Segundo a investigação, Maria da Penha foi enforcada até a morte, teve as mãos amarradas e o corpo escondido debaixo da cama. Isaque relatou que o crime aconteceu após uma discussão entre o casal. Policiais e peritos foram até a casa indicada pelo autor e localizaram o corpo da vítima.
Parentes da vítima contaram à reportagem que Maria, conhecida na região pelo apelido de “Penha” e dona de um trailer, vivia há seis anos com Isaque em uma relação marcada por violência e agressões. O casal chegou a se separar depois que Isaque tentou matá-la no passado. O agressor, então, fugiu para São Paulo, onde teria se envolvido no homicídio de uma garota de programa identificada como Tainá, mas acabou retornando a Minas e reatando o relacionamento com Maria da Penha.

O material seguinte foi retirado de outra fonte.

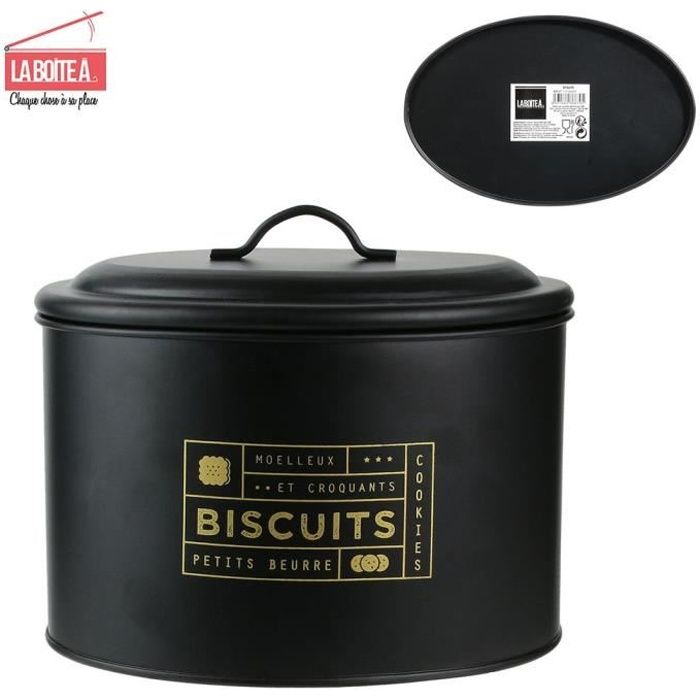 La Boite A Boite A Biscuits Bt6670 Noir Mat Metal Cdiscount Maison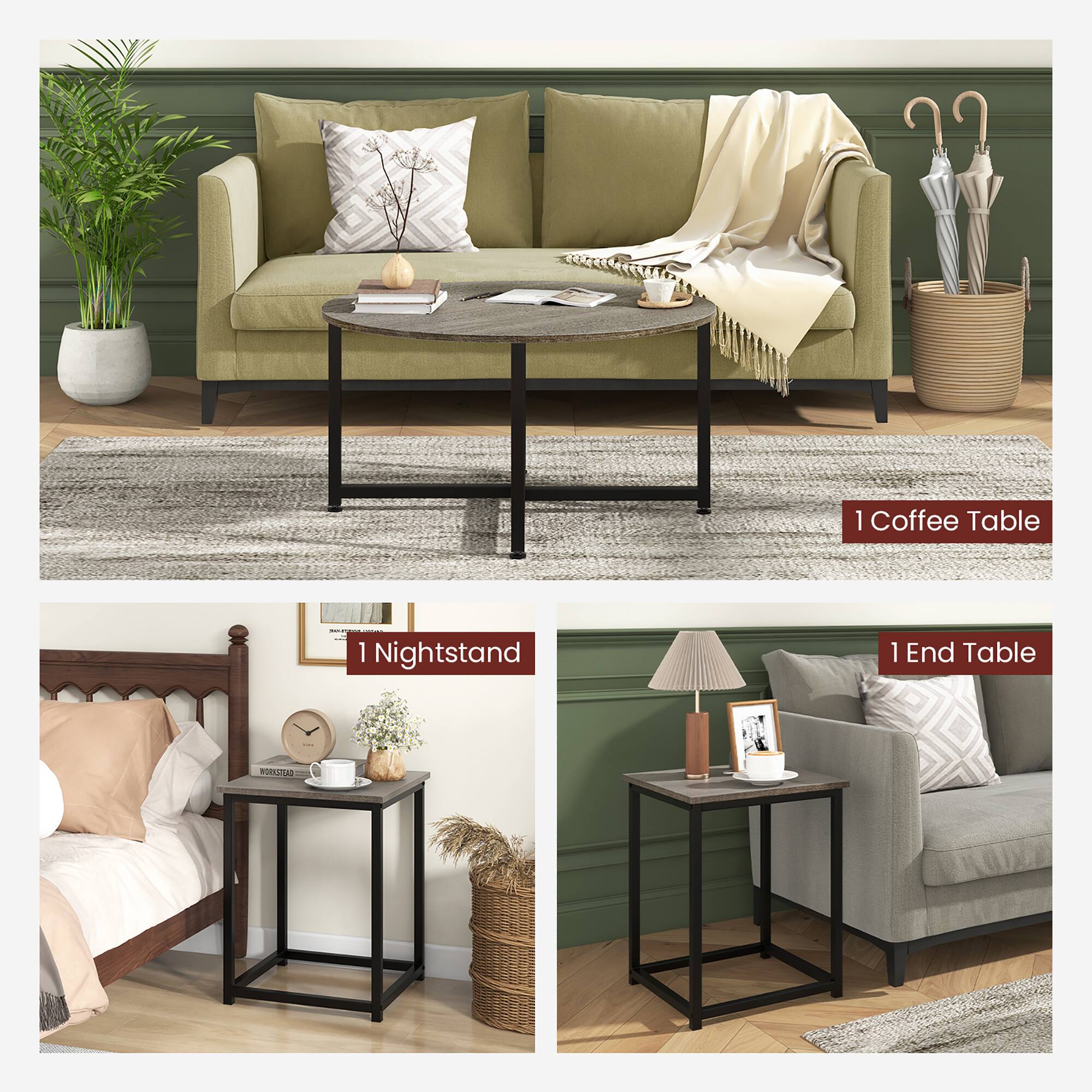 1 Coffee Table

1 Nightstand

1 End Table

“Ela acreditava que ele ia melhorar, que ele ia largar as drogas. Ajudou ele, conseguiu até trabalho pra ele. Mas ele não quis mudar. Infelizmente, ele acabou com a vida dela e com a nossa família”, disse um parente da vítima, em entrevista emocionada.
Prisão ratificada
A Polícia Civil confirmou que Isaque Trindade teve a prisão ratificada e será encaminhado ao sistema prisional ainda nesta quarta-feira. O caso será investigado como feminicídio, que é o assassinato de mulher motivado por violência doméstica, menosprezo ou discriminação de gênero, e cuja pena pode chegar a 30 anos de prisão.
O drama do feminicídio
O assassinato acontece justamente em um país que tem visto crescer os índices de feminicídio. Segundo dados do Fórum Brasileiro de Segurança Pública, o Brasil registrou em 2023 mais de 1.400 casos de feminicídio, média de uma mulher morta a cada seis horas pelo simples fato de ser mulher.

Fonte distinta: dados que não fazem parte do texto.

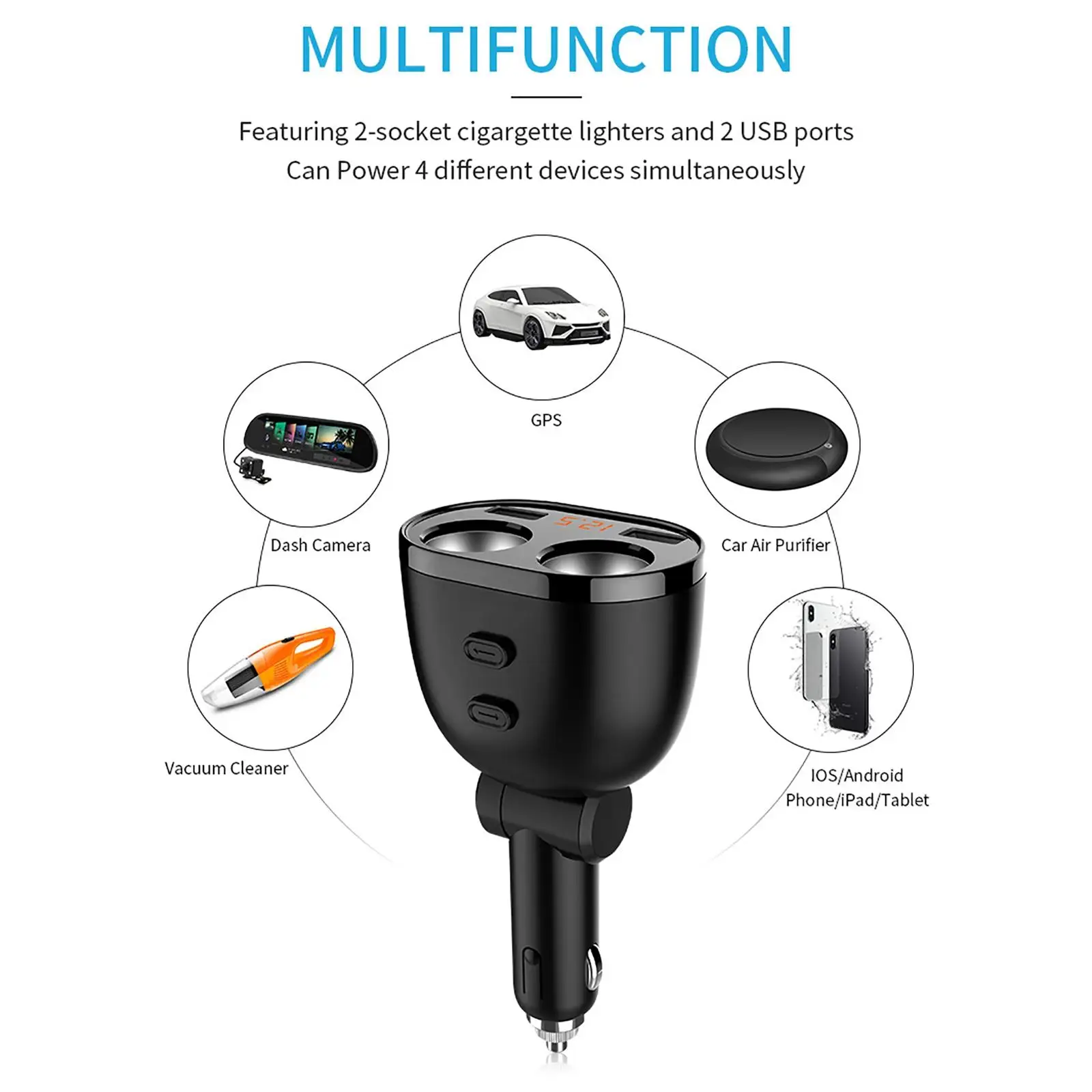 Dual USB 2 Sockets Adapter Charger Overvoltage Protection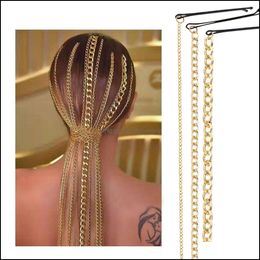 Clips & Barrettes Jewelrywig Extended Gold Claw Jewellery Chains Clip Hair Chain Direct Supply Fashion Headwear Tassel Hair13800 Aessories Dro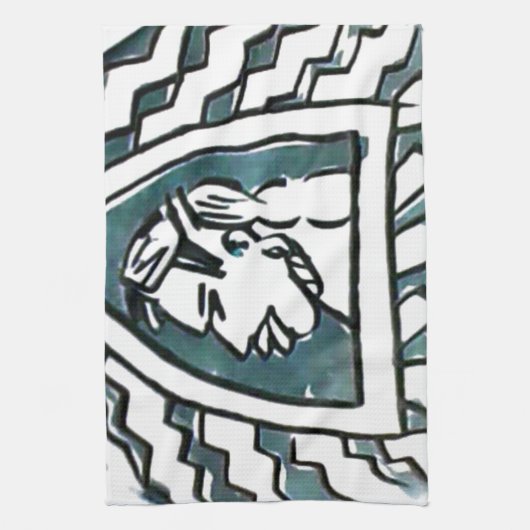 アフリカ美しいボンゴマサイポートレートトバルアート キッチンタオル (縦)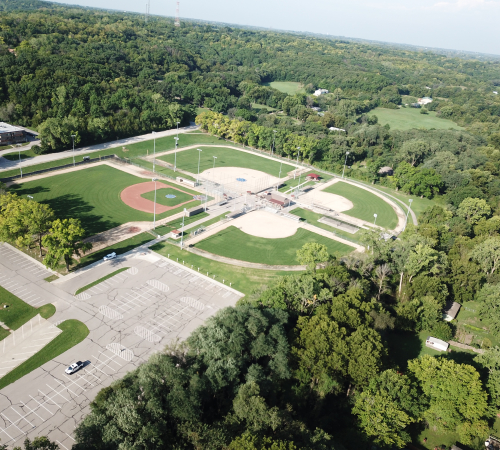 Aerial view of the sportsfield complex with all the ball fields and all the parking lots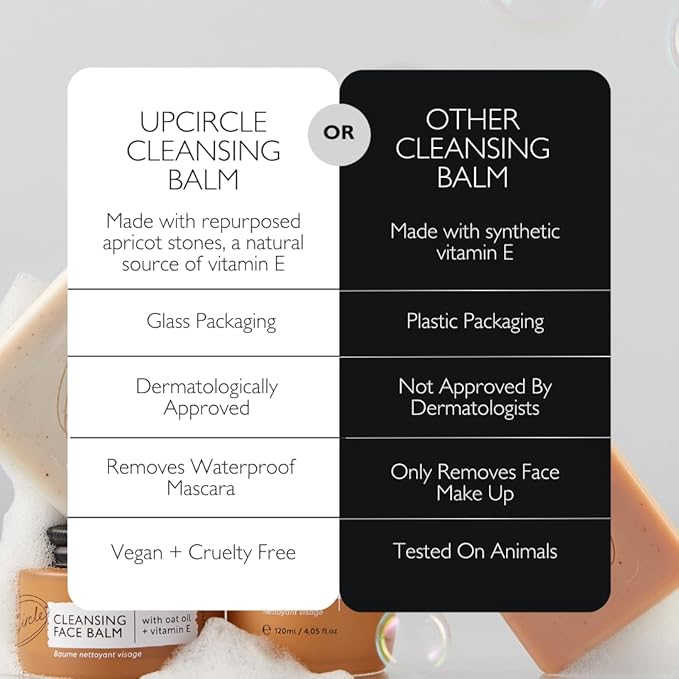 UPCIRCLE Cleansing Face Balm with Apricot 1.7oz - 100% Natural Cleanser To Remove Makeup, Including Waterproof Mascara + Clear Blackheads - Sea Buckthorn, Oat + Rosemary Oil - Vegan + Cruelty-Free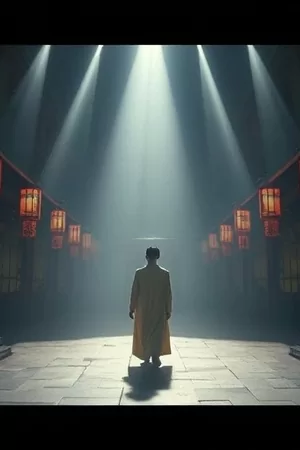 长夜列车第七站竖版海报：夜班列车停靠在没有站牌的雾中月台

O caso chama atenção pelo fato de a vítima se chamar Maria da Penha, o mesmo nome da cearense que deu origem à Lei nº 11.340/2006, sancionada há 18 anos e considerada um marco no combate à violência doméstica e familiar contra a mulher. A lei endureceu penas contra agressores e criou instrumentos como as medidas protetivas de urgência, que podem impedir o agressor de se aproximar da vítima sob pena de prisão.
Apesar dos avanços, muitas mulheres ainda vivem presas em ciclos de violência, seja por medo, dependência emocional ou financeira. “Infelizmente, a lei existe, mas muitas não denunciam por medo ou por ainda acreditarem que o agressor vai mudar. Casos como esse mostram como a violência doméstica pode ter um desfecho trágico”, lamenta uma delegada especializada em violência contra a mulher ouvida pela reportagem.
O corpo de Maria da Penha foi encaminhado ao Instituto Médico Legal (IML) em Belo Horizonte. A família aguarda a liberação para os procedimentos fúnebres.